MayeulC · on Oct 19, 2022

I usually fix 3. by redirecting the intermediate program to stderr before piping to pv.

My main use-case is netcat (nc).

As an aside, I prefer the BSD version, which I find is superior (IPv6 support, SOCKS, etc). "GNU Netcat" isn't even part of the GNU project, AFAIK. I also discovered Ncat while writing this, from the Nmap project; I'll give it a try.

derefr · on Oct 19, 2022

I don't quite understand what you mean — by default, most Unix-pipeline-y tools that produce on stdout, if they log at all, already write their logs to stderr (that being why stderr exists); and pv(1) already also writes to stderr (as if it wrote its progress to stdout, you wouldn't be able to use it in a pipe!)

But pv(1) is just blindly attempting to emit "\r[progress bar ASCII-art]\n" (plus a few regular lines) to stderr every second; and interleaving that into your PTY buffer along with actual lines of stderr output from your producer command, will just result in mush — a barrage of new progress bars on new lines, overwriting any lines emitted directly before them.

Having two things both writing to stderr, where one's trying to do something TUI-ish, and the other is attempting to write regular text lines, is the problem statement of 3, not the solution to it.

A solution, AFAICT, would look more like: enabling pv(1) to (somehow) capture the stderr of the entire command-line, and manage it, along with drawing the progress bar. Probably by splitting pv(1) into two programs — one that goes inside the command-line, watches progress, and emits progress logs as specially-tagged little messages (think: the UUID-like heredoc tags used in MIME-email binary-embeds) without any ANSI escape codes; and another, which wraps your whole command line, parsing out the messages emitted by the inner pv(1) to render a progress bar on the top/bottom of the PTY buffer, while streaming the regular lines across the rest of the PTY buffer. (Probably all on the PTY secondary buffer, like less(1) or a text editor.)

Another, probably simpler, solution would be to have a flag that tells pv(1) to log progress "events" (as JSON or whatever) to a named-FIFO filepath it would create (and then delete when the pipeline is over) — or to a loopback-interface TCP port it would listen on — and otherwise be silent; and then to have another command you can run asynchronously to your command-line, to open that named FIFO/connect to that port, and consume the events from it, rendering them as a progress bar; which would also quit when the FIFO gets deleted / when the socket is closed by the remote.
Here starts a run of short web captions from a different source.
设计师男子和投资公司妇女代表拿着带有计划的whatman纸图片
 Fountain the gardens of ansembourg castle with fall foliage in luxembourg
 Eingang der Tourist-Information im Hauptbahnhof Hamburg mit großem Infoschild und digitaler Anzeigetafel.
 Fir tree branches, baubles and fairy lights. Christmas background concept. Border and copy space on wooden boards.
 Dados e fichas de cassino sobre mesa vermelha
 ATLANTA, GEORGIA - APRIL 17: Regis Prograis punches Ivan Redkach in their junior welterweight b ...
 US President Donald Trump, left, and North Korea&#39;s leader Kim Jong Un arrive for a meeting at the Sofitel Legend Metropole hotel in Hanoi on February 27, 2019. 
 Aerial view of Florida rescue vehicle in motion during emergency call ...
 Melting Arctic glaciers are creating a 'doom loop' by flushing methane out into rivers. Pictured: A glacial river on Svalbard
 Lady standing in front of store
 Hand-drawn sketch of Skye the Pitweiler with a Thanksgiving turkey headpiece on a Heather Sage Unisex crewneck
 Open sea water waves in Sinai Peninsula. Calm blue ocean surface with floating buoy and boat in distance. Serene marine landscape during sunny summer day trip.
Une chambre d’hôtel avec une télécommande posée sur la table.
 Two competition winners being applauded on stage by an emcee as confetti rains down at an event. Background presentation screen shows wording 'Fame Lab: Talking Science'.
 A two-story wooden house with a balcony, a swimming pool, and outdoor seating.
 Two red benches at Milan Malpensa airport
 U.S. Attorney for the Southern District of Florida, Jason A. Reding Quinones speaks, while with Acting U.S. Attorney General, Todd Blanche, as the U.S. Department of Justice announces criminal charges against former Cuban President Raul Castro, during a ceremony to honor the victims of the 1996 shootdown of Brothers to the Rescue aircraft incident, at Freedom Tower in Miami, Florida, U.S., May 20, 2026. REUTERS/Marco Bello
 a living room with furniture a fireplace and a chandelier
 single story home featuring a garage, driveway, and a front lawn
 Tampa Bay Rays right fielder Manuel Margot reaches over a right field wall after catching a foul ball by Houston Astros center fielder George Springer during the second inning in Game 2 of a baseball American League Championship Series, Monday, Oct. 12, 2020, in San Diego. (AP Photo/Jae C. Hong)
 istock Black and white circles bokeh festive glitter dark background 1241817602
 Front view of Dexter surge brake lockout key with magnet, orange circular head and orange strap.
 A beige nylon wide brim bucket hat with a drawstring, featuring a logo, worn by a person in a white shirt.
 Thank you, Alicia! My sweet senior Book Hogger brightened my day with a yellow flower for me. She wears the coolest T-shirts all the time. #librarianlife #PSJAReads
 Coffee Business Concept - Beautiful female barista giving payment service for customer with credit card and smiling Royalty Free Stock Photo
Then you could run that command, instead of watch(2), in another tmux(2) pane, or wherever you like.

MayeulC · on Oct 21, 2022

My bad, I meant redirecting the stderr output to /dev/null. I lost my initial message and typed a short version too quickly :(

For a contrieved (but the first I can think of)

    dd if=/dev/abc status=progress 3>/dev/null | pv img

As for why I lost the message... I went over my HN time with the Leechblock extension (I know there's noprocrast here), anit doesn't cache POSTs...

gpderetta · on Oct 19, 2022

You could redirect each pipeline stage stderr to a fifo and tail it from another terminal. A bit annoying to do it by hand though.